Text-to-SQL
This tutorial will teach you how to create an application that converts natural language questions into SQL queries, and then evaluating how well the queries work. We'll even make an improvement to the prompts, and evaluate the impact! By the time you finish this tutorial, you should be ready to run your own experiments.
Before starting, please make sure that you have a BrainTrust account.

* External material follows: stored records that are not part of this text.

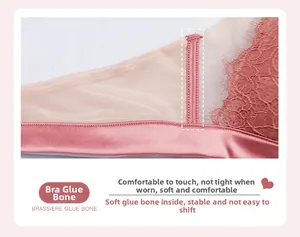 Detail of pink satin bra side wing featuring soft inner glue bone and mesh lace trim
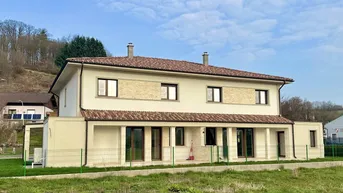 Rückansicht des modernen Hauses mit großen Fenstern und Zugang zum Gartenbereich.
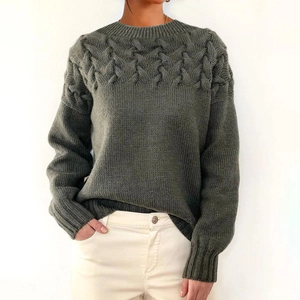 Detailed cable knit pattern on dark grey high neck sweater with long sleeves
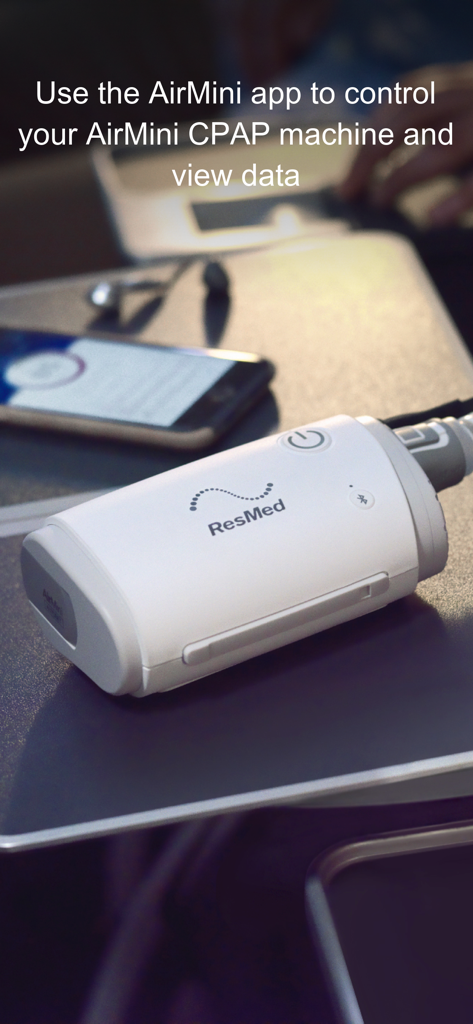 ResMed AirMini travel CPAP device next to a smartphone running the control app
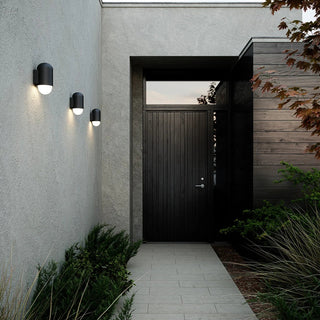 Modern exterior of a house with a dark door and wall-mounted lights.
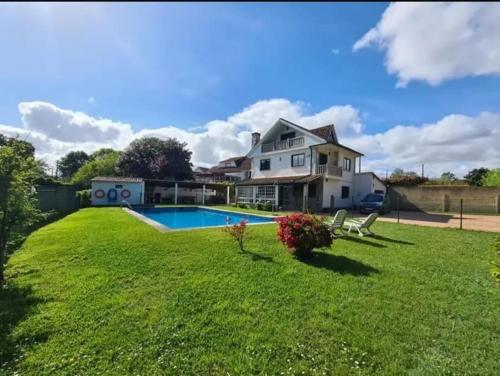 a house with a yard with a swimming pool at Amplia casa familiar in Pontevedra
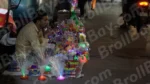 Man Selling Toys in a Street - Log, colour and B&W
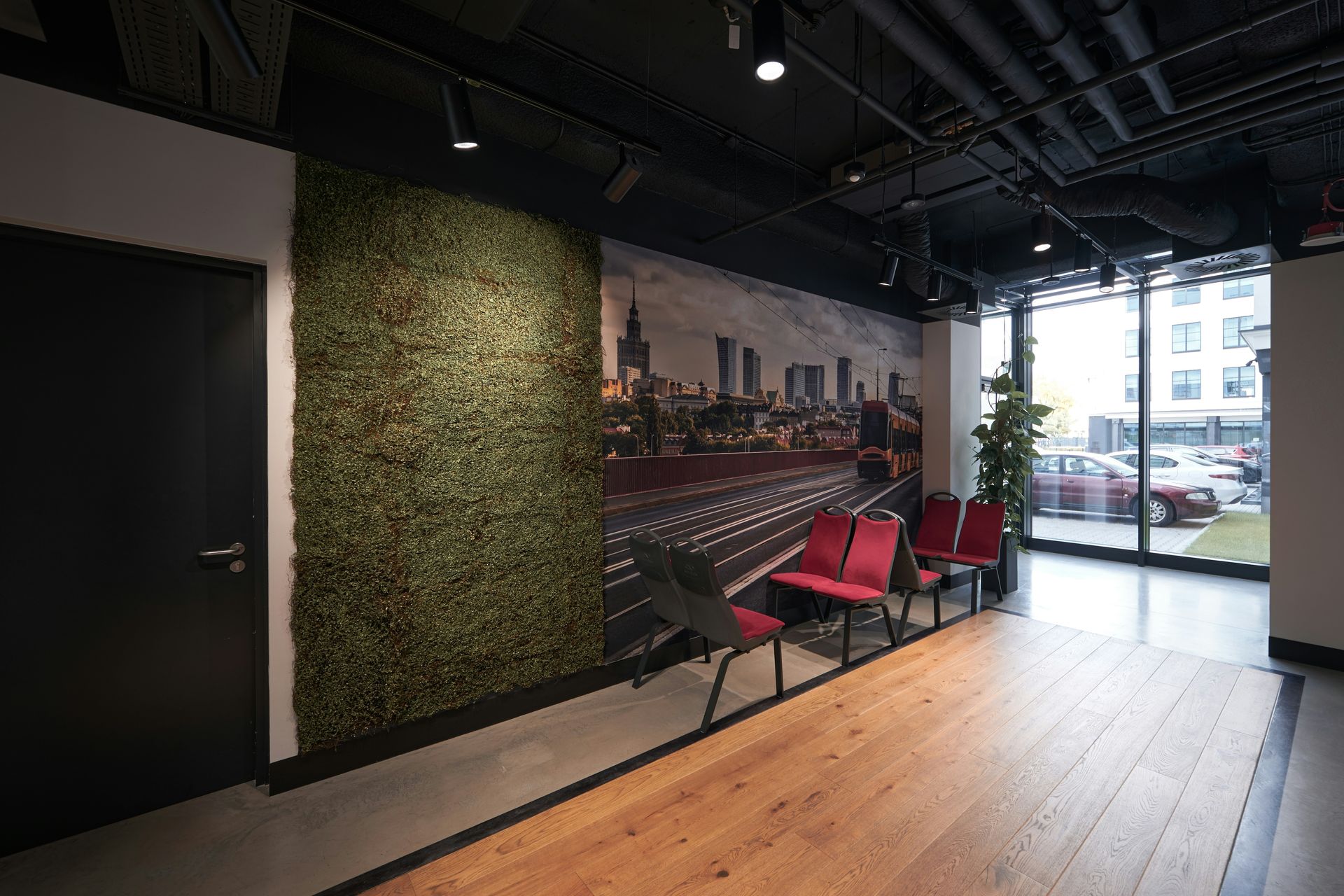 Lobby with a green wall, city mural, red chairs, and glass window overlooking a parking area.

If you do not, please sign up.
Setting up the environment
The next few commands will install some libraries and include some helper code for the text2sql application. Feel free to copy/paste/tweak/reuse this code in your own tools.

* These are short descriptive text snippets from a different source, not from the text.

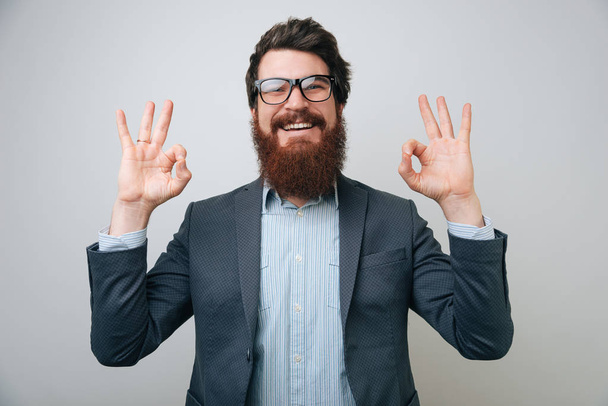 Gros plan portrait jeune beau, heureux, souriant, homme barbu, employé d'entreprise, travailleur donnant OK signe avec les doigts adn les deux mains
  - Photo, image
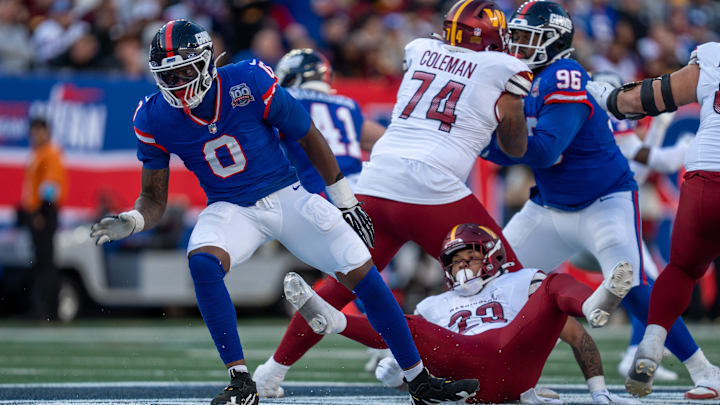 New York Giants linebacker Brian Burns (0) rushes past the offensive line during a game between the New York Giants and the Washington Commanders at MetLife Stadium in East Rutherford on Sunday, Nov. 3, 2024.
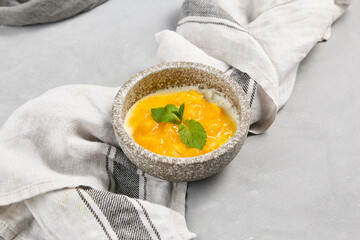 Close-up of Panna Cotta with Mango Topping in Rustic Bowl on Linen Cloth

!pip install braintrust duckdb datasets openai pyarrow python-Levenshtein
We're going to use a public dataset called WikiSQL that contains natural language questions and their corresponding SQL queries.
Exploring the data
In this section, we'll take a look at the dataset and ground truth text/sql pairs to better understand the problem and data.
from datasets import load_dataset
data = list(load_dataset("wikisql")["test"])
Here's an example question:
idx = 1
data[idx]["question"]
We'll use Arrow and DuckDB to help us explore the data and run SQL queries on it:
import duckdb
import pyarrow as pa
def get_table(table):
rows = [{h: row[i] for (i, h) in enumerate(table["header"])} for row in table["rows"]]
return pa.Table.from_pylist(rows)
table = get_table(data[idx]["table"])
duckdb.arrow(table).query("table", 'SELECT * FROM "table"')
In WikiSQL, the queries are formatted as a series of projection and filter expressions. Although there is a human_readable
field, it's not valid SQL!
data[idx]["sql"]
Let's define a codegen_query
function that turns it into executable SQL.
def esc_fn(s):
return f'''"{s.replace('"', '""')}"'''
def esc_value(s):
if isinstance(s, str):
return s.replace("'", "''")
else:
return s
def codegen_query(query):
header = query["table"]["header"]
projection = f"{esc_fn(header[query['sql']['sel']])}"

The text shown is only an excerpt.